Future research should aim to validate these findings with interventional designs that can better isolate causal mechanisms underlying fatigue resistance and torque preservation. Incorporating direct measures of muscle activation, metabolic responses, and biomechanical efficiency would allow a more precise characterization of the physiological adaptations distinguishing top-performing cyclists. Expanding the dataset to include women’s professional races and a broader range of competitive levels would also strengthen the ecological validity of the conclusions.

5. Conclusions

The results of this study suggest that the top-5 cyclists in Monument races sustain higher torque and PO compared to those ranked from 6th to 30th, particularly during longer efforts (5 and 20 min) and after accumulating 60 kJ·kg−1 of work.

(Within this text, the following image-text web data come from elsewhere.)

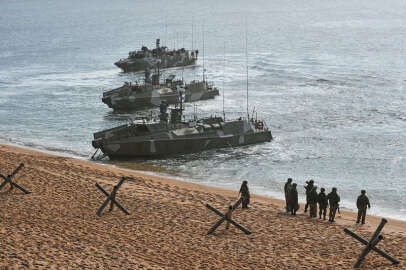 İşgalci Rus ordusu Kırım'da geniş çaplı tatbikat düzenledi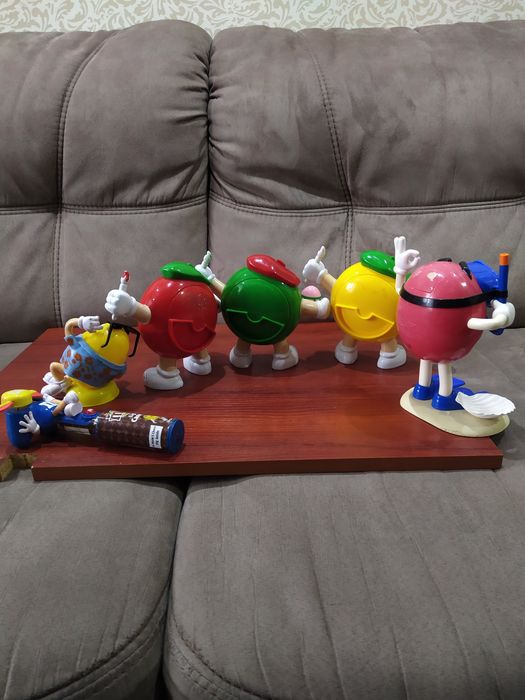 Іграшки фігурки M&ms диспенсер,вентилятор  на батар працює справний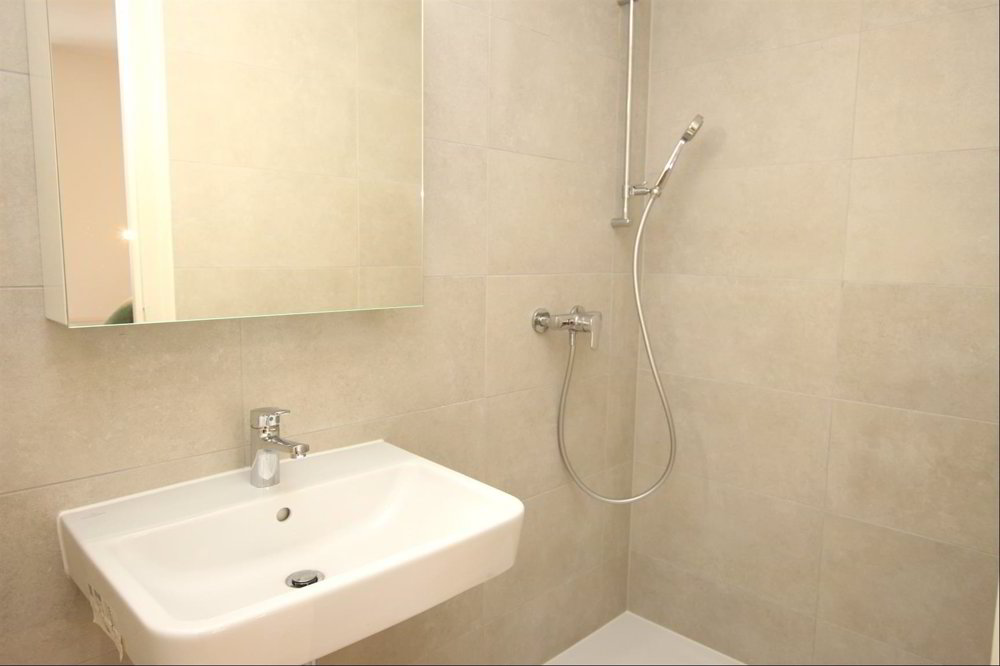 2 rooms Apartment for rent in Geneva - image 1/4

These cyclists also show minimal reductions in cadence, emphasizing their superior biomechanical efficiency under fatigue. The ability to maintain torque while minimizing cadence adjustments likely contributes to their enhanced durability, enabling better performance in critical race phases. These findings highlight the key role of torque and cadence modulation in determining success in one-day cycling events, providing actionable insights for training and performance optimization.

Author Contributions

A.J.-T.: Conceptualization, Investigation, Software, Data curation. J.L.S.-J.: Methodology, Formal analysis, Writing—original draft, Supervision. I.P.-G.: Investigation, Data curation, Resources. M.M.-R.: Resources, Project administration, Writing—review and editing. M.M.-M.: Conceptualization, Investigation, Software, Writing—review and editing. All authors have read and agreed to the published version of the manuscript.

Funding

This study received no external funding.

Institutional Review Board Statement

The study was conducted in accordance with the Declaration of Helsinki, and approved by the Ethics Committee) of Universidad Miguel Hernández (Ethical approval number: DCD.AJT.240227), approval date: 17 July 2024.

Data Availability Statement

The data presented in this study are available on request from the corresponding author due to privacy restrictions.

Conflicts of Interest

The authors declare no conflicts of interest.